I think it must have been 2005/2006 when I received a new digital camera, one that had a "video" setting in addition to several options for still shots. I would use it primarily for pictures, but started switching it up and using the video more and more, instead of using a dedicated video camera (although it was still being used some). So instead of one long video file pulled from a tape, there are lots of little files that were directly digital. Recorded onto a memory card in the camera, easily transferred to the computer. I did burn these to DVD (2008/2009) so they could be watched on the television more easily.


Mother's Day in 2011, I was given a new video camera (the small Samsung in the photo above), and it was an improvement in quality and ease, especially for sports. With all the boy's basketball, it was in constant use over the weekends. I'd sometimes have to record with it plugged into a charger if it hadn't had time to recharge between games. After a few years with this camera, Gray got me a new one (the Sony) which had an external battery pack, so I could have backup power. It also connected directly to the computer via USB, which was just a little easier than moving data with a memory card.

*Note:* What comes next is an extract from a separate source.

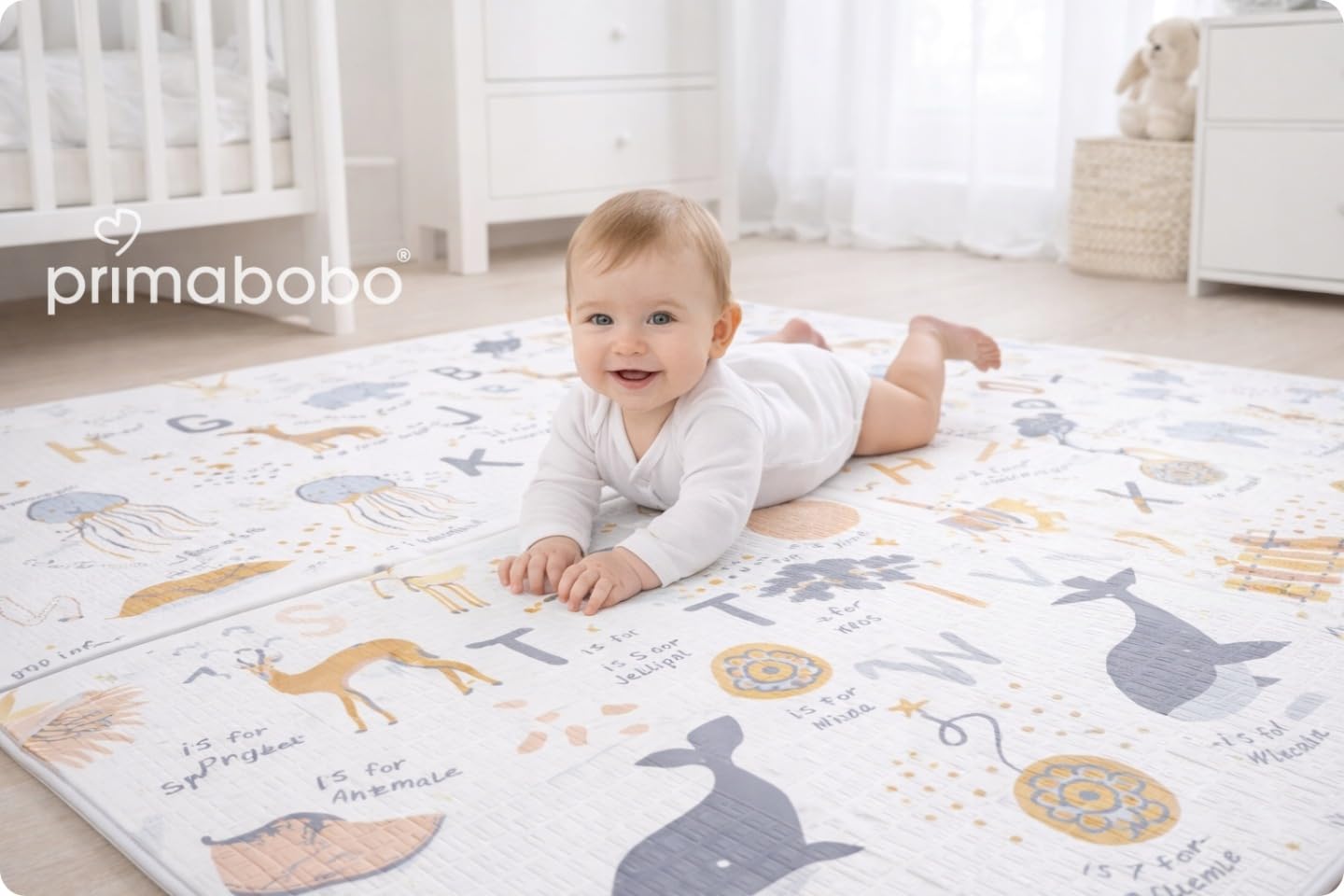 Primabobo Mata Piankowa do Zabawy 120x180cm, Duża Edukacyjna Mata Podłogowa dla Niemowląt, Wzór Alfabet i Zwierzątka Safari, Gruba Powierzchnia Izolująca, Wodoodporna, Pastelowy Design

Through the years, phones kept improving as well. Soon, the iphone (we are an Apple family) was as good as a digital camera, and was always with us, not an extra item to carry and keep charged. It worked for videos too, although I kept to a separate video camera for sports still.  All the family videos in later years would come from the iphone. Even still pictures had a "live" setting, which I loved for my One Second Every Day videos (started in 2017).

So hopefully with this post, we'll have a bit of a "table of contents" of the video we have, and where it can be located (in the YouTube links, and on Dropbox in Video Backup). The Dropbox Video Backup has family files from 1995-2011. Then videos filmed with phones are mixed in with the photos for the more recent years (maybe I'll try to get them all organized and together). Plans for the future!